Dash, who works as a book designer at Penguin Random House feels that we need more content for children that encourages a young reader to wander outdoors, observe, imagine, ask questions, love nature and more importantly be a good listener to the world. She also found out while engaging with school going kids in Bangalore and Delhi, that most city children only knew a handful of city birds around them—commonly parrots, crows, pigeons, peacocks, and eagles, and ostriches! (which you don’t find in India). – “I believe that we can sensitise children towards the sounds of nature, when they look at these sounds as a crucial, intangible component of the forest resource. I wrote and illustrated this book hoping to nurture an audience that is aware and sensitive in its engagement with wildlife and the natural world,” she informs.

I believe that we can sensitise children towards the sounds of nature, when they look at these sounds as a crucial, intangible component of the forest resource.

She selected a total of 30 Indian birds to feature in the book to ensure they cover most Indian regions. There are some birds that mostly inhabit cities, a few more in coastal areas, and a few you can spot high up in the mountains. There are also birds you find in marshy wetlands, and those you find in dry climate. Some birds are endemic to some regions, and others are migratory.

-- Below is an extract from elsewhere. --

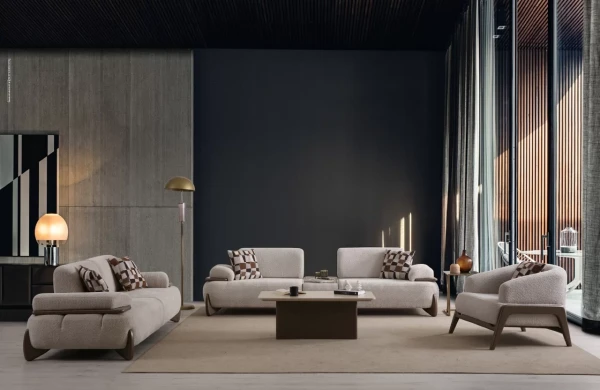 Rocco Koltuk Takımı | Kendinden Ahşap Sehpalı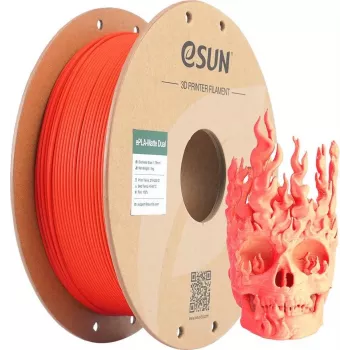 PLA MATTE DUAL 1,75mm SARKANS DZELTENS 1kg ESUN 3D FILAMENTS (PLA-MTD175B-RY1P1)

“Some feature in the story because of their unique quality of calls—duet singers, group singers, mimics of other sounds, or those which have a distinctly loud and harsh voice! After curating all the necessary research, I started hand painting all the 30 birds. The visual style in the book is a combination of painting and digital drawing and colouring. For the final production, the idea was to package it like a big gifty book celebrating the birds and natural heritage of India.”

As a book designer, Dash understands the very fine details important in making picture books that enhance the reading experience for a child—being careful about the word limit on every page, the balance of visuals and colours, to work with better compositions etc. She elucidates how picture books are a powerful medium for a child who is yet to develop a solid reading habit, they are an introduction to the experiences yet to be discovered by them.

Children are wonderful and wanderful and always seeking stories. Their creativity knows no boundaries and it’s the best audience to engage with, they will take your story seriously and will help you refine your stories in so many different ways.

“It’s like a small window to the giant world full of opportunities, feelings and mysteries unknown to them. Children are also inherently creative, and they might make a completely different meaning out of the pictures they see in a book, which is why picture books are also open to a lot of interpretation and don’t usually end with a prescriptive, moral of the story.

It has so many takeaways and the illustrations are a joy for a child—the colours, lines and shapes, the characters, everything comes together to create a small world functioning within the book. This is why picture book artists have a fun, but very responsible task at hand—of telling the world through pictures. I also think picture books are for everyone and not just for children. Adults enjoy picture books a lot too, and they never go out of trend because they are relatable and always full of art.”

For anyone wanting to write for children, Dash advises them to be as authentic as possible, “Children are wonderful and wanderful and always seeking stories. Their creativity knows no boundaries and it’s the best audience to engage with, they will take your story seriously and will help you refine your stories in so many different ways. Seeing things from the eyes of a child is difficult after so much conditioning and adulting! But it is a rewarding and wholesome experience.”